Memory-Efficient Backpropagation Techniques for Deep Learning
Training large neural networks requires substantial memory resources, with intermediate activations often consuming more memory than model parameters. A typical transformer model with 1 billion parameters can require over 100GB of memory during training, primarily due to storing activation gradients for backpropagation. This memory bottleneck limits the size of models that can be trained on available hardware.
The fundamental challenge lies in balancing computational efficiency against memory usage while maintaining numerical stability and convergence properties during training.

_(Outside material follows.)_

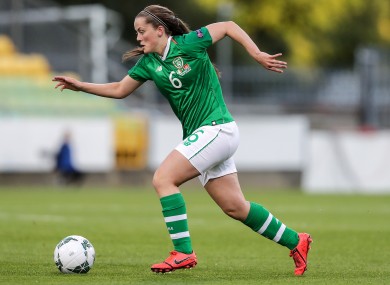 Tyler Toland facing Montenegro in her last appearance for Ireland in 2019.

This page brings together solutions from recent research—including gradient checkpointing, reversible layer architectures, activation recomputation strategies, and memory-efficient optimizer implementations. These and other approaches enable training of larger models on limited hardware resources while preserving training dynamics and model performance.
1. Deep Learning Model Training with Threshold-Based Intermediate Result Storage to Minimize Memory Access Time During Backpropagation
PREFERRED NETWORKS INC, 2025
Efficiently training deep learning models by reducing the memory access time during backpropagation without requiring a faster memory or interface. The method involves storing intermediate results of the forward pass in memory if they exceed a threshold based on computation cost and size. This avoids fetching those results from memory during the backpropagation, reducing memory access time. However, the higher computation cost of the forward pass increases the total training time.
2. Sparse Data Storage System Utilizing Non-Zero Value Retention and Offset Calculation for Efficient Transmission
SHENZHEN CORERAIN TECHNOLOGIES CO LTD, 2025
Sparse data storage technique for deep learning to reduce the amount of data that needs to be transmitted during deep learning operations to lower the bandwidth requirements and improve efficiency. It stores only the non-zero values in memory and calculates the offset between them when transmitting. This avoids sending zeros and allows effective reduction of data size and bandwidth demand for deep learning applications.
3. Computing Resource Scheduling for Deep Learning Graphs with Integrated Forward and Backward Propagation Cycles
DELL PRODUCTS LP, 2025
Efficiently scheduling computing resources for deep learning models with backpropagation without needing a split into separate forward and backward graphs. The scheduling method involves handling the computing graph with cycles that arise in backpropagation. The graph contains nodes representing operators for forward propagation and their corresponding gradient operators for backpropagation. Instead of splitting into separate DAGs, the full graph is used for scheduling. This preserves operator correlations and avoids unnecessary resource duplication and data transfer between devices.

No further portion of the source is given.